🤖 AI Summary
Existing urban simulation environments struggle to balance scalability with real-world complexity, hindering embodied AI training (e.g., delivery or quadruped robots). This paper introduces UrbanVerse: the first video-driven, end-to-end real-to-simulation system that automatically generates interactive, metrically accurate, high-fidelity urban scenes in IsaacSim. It parses crowdsourced city tour videos and integrates 3D reconstruction, semantic segmentation, asset retrieval, and physics-based simulation. Key contributions include the UrbanVerse-100K asset library and the UrbanVerse-Gen generation pipeline, enabling semantically consistent and physically plausible scene instantiation. Experiments yield 160 high-quality scenes and 10 standardized benchmarks; navigation policies exhibit power-law scalability. Zero-shot sim-to-real transfer achieves a 30.1% improvement in success rate, and real-city 300-meter delivery tasks require only an average of two human interventions.
📝 Abstract
Urban embodied AI agents, ranging from delivery robots to quadrupeds, are increasingly populating our cities, navigating chaotic streets to provide last-mile connectivity. Training such agents requires diverse, high-fidelity urban environments to scale, yet existing human-crafted or procedurally generated simulation scenes either lack scalability or fail to capture real-world complexity. We introduce UrbanVerse, a data-driven real-to-sim system that converts crowd-sourced city-tour videos into physics-aware, interactive simulation scenes.
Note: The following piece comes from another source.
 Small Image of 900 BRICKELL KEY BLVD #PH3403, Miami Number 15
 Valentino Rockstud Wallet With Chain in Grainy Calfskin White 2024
UrbanVerse consists of: (i) UrbanVerse-100K, a repository of 100k+ annotated urban 3D assets with semantic and physical attributes, and (ii) UrbanVerse-Gen, an automatic pipeline that extracts scene layouts from video and instantiates metric-scale 3D simulations using retrieved assets. Running in IsaacSim, UrbanVerse offers 160 high-quality constructed scenes from 24 countries, along with a curated benchmark of 10 artist-designed test scenes. Experiments show that UrbanVerse scenes preserve real-world semantics and layouts, achieving human-evaluated realism comparable to manually crafted scenes. In urban navigation, policies trained in UrbanVerse exhibit scaling power laws and strong generalization, improving success by +6.3% in simulation and +30.1% in zero-shot sim-to-real transfer comparing to prior methods, accomplishing a 300 m real-world mission with only two interventions.